In my own life and many of my friends', "passion" is often mistakenly replaced
by "important, abstract idea that sounds good." As in "I am passionate about
saving the environment." Of course the environment is important, and having an
interest in it is one thing, but this is not the same as actually being called
to work day-to-day on this issue.

The decision you should actually make is something like: I enjoy making sense
of large, ugly datasets. Or, I like cold-calling businesses and convincing
them of the value of something they would never think of. If you enjoy that
day-to-day work, then sure, go ahead and use it for the environment. But don't
get a degree and a job in "environmental studies" just because the issue is
interesting.

A "passion" is the thing you do even when you're tired or sick, and practice
even when you have better things to do. You don't always enjoy it, but you do
it anyway. You would be happy working another job in order to keep doing it.

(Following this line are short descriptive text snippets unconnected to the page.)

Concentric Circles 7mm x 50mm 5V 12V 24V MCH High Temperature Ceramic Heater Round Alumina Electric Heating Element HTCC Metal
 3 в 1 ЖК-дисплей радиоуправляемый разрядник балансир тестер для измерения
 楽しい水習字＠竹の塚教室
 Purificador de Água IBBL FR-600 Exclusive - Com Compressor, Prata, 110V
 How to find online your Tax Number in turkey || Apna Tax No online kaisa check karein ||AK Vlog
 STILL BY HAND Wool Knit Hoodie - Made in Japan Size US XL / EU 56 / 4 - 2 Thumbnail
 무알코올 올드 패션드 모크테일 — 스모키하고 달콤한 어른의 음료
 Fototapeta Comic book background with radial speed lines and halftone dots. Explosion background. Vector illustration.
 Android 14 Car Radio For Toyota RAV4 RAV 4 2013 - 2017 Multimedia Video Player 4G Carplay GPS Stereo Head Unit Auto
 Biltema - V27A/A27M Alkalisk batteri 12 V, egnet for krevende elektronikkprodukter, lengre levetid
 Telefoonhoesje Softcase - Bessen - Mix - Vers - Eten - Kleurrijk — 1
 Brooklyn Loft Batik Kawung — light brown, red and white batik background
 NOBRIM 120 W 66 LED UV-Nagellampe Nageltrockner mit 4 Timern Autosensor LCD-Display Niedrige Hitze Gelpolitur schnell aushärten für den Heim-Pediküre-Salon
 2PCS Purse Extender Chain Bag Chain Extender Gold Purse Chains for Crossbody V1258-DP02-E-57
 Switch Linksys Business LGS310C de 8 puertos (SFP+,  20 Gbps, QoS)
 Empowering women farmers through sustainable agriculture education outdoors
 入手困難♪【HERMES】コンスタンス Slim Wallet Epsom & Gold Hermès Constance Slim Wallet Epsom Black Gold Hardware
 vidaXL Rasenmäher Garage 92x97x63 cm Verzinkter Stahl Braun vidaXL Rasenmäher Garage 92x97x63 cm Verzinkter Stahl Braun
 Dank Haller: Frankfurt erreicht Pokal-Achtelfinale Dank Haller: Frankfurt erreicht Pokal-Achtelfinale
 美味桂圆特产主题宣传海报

For many of us who found programming, the discipline and long hours of
humiliating bug-hunting have taught us what "passion" really is. But many
people never have the chance to do that. High school classes, college clubs,
and even most Millennial-oriented "save the world" jobs are generally more
about "interests," things that are impressive-sounding and interesting in the
abstract, rather than "passions," gut-wrenchingly difficult disciplines that
demand our attention each moment.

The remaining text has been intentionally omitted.